* **Provided records**:
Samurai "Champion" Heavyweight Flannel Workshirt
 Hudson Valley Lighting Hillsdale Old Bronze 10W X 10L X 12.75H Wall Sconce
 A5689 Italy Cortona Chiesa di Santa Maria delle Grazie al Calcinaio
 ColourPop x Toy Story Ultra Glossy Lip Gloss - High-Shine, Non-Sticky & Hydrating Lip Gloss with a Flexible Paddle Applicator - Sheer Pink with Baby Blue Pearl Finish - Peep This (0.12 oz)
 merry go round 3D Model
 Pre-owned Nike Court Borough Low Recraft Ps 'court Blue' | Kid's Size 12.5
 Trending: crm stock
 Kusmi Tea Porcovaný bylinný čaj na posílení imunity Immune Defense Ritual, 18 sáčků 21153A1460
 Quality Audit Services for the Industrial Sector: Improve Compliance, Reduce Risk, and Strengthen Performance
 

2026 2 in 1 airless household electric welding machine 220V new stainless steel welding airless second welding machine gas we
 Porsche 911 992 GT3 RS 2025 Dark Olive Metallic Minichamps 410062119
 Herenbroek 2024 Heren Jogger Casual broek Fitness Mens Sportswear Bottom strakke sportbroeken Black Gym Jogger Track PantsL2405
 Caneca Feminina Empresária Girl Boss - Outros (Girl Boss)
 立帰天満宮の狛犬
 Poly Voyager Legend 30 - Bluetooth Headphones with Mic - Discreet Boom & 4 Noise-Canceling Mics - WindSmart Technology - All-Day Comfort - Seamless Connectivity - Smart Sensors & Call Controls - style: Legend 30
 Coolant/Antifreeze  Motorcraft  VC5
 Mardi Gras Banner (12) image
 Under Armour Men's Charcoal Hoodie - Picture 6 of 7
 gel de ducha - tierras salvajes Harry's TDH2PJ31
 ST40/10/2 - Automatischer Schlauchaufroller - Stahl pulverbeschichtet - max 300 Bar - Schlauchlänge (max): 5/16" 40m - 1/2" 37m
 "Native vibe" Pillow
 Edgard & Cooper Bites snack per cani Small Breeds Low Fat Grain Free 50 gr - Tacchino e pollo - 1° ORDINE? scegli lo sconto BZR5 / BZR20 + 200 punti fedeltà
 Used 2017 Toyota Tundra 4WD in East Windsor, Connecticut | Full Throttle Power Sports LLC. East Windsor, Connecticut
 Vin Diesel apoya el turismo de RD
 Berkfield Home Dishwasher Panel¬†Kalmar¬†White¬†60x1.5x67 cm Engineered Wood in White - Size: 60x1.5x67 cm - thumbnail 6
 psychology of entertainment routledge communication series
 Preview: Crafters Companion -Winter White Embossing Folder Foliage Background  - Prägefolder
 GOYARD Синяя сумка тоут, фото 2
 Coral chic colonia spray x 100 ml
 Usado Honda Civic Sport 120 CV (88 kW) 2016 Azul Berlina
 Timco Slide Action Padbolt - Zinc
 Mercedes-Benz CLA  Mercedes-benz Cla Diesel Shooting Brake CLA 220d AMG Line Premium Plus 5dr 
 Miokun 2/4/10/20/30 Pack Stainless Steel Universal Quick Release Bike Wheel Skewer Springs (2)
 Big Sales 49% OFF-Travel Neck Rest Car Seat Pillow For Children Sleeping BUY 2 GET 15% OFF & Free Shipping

* **Task instructions**: Include the first line, the line containing "A5689 Italy Cortona", and every line between them, copied exactly from the material above; output no other line.

* **Answer box**:
Samurai "Champion" Heavyweight Flannel Workshirt
 Hudson Valley Lighting Hillsdale Old Bronze 10W X 10L X 12.75H Wall Sconce
 A5689 Italy Cortona Chiesa di Santa Maria delle Grazie al Calcinaio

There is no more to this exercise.